Conclui-se que as limitações naturais para a gestão de fazendas, sempre serão efeitos de riscos ambientais proporcionados por variações de comportamento desses fatores ou bens ambientais. Por exemplo:

  • Uma encosta de alta declividade e com o solo argilo-arenoso exposto apresenta risco de desmoronamento e poderá interromper a saída de produtos da fazenda para o mercado – efeito adverso na renda familiar do fazendeiro.
  • Um trecho de corpo d’água, com mata ciliar retirada, possui alto risco de erosão e de desbarrancamento de suas margens, o que provocará assoreamento do corpo d’água e prejudicará uma fonte de alimentação da fazenda – peixes de várias espécies.
  • Várias nascentes próximas que têm suas áreas de entorno desmatadas, apresentam risco de reduzir sua vazão, o que poderá afetar uma importante fonte de abastecimento de água da fazenda – efeito adverso na operação da fazenda, em sua produção e na renda familiar.

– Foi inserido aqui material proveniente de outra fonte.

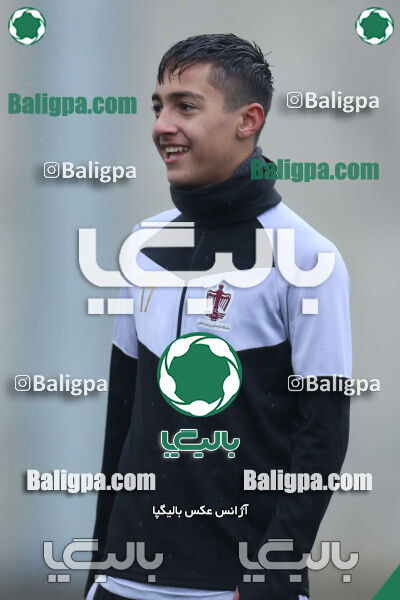 ۱ - ۴ شاهین
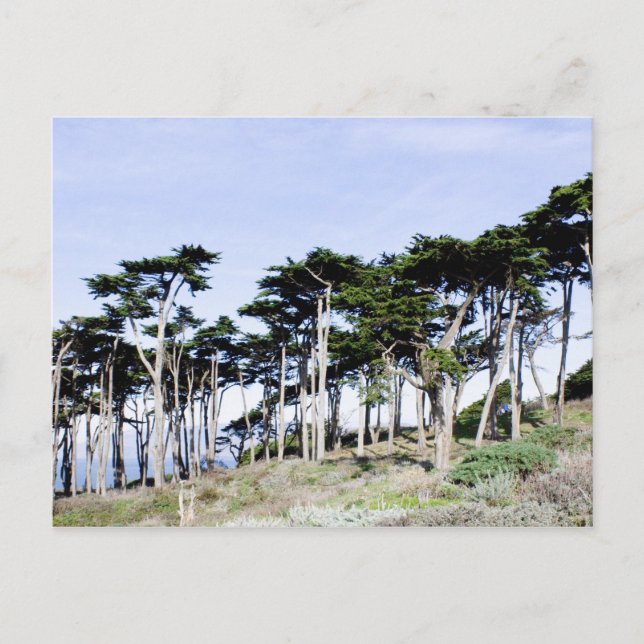 Carte Postale Cypress Trees à Sutro Park, San Francisco (Devant)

Vê-se assim que riscos e efeitos ambientais podem causar prejuízos e danos, tanto a pessoas, quanto ao patrimônio do fazendeiro. Assim, devem ser identificados e avaliados antes mesmo que sucedam, de forma a receberem tratamento objetivo. Tratam-se de medidas antecipadas, proativas, com vistas a garantir e manter a estabilidade dos fatores ambientais afetados.

Considerações básicas da gestão

A gestão de uma fazenda deve ser realizada por meio de um plano ambiental (alvos e medidas para alcança-los) específico e bem engendrado, que atenda a duas diretrizes essenciais:

  • Impedir que ecossistemas estáveis sejam adversamente impactados; e
  • Reabilitar os ecossistemas eventualmente alterados.

A elaboração deste plano, sob o título “Plano para Gestão da Sustentabilidade”, será motivo do próximo artigo sobre gestão de fazendas de pequeno porte.

Espera-se que esta contribuição possa redundar em novas ideias e propostas sobre o tema, especialmente as provindas dos leitores deste blog.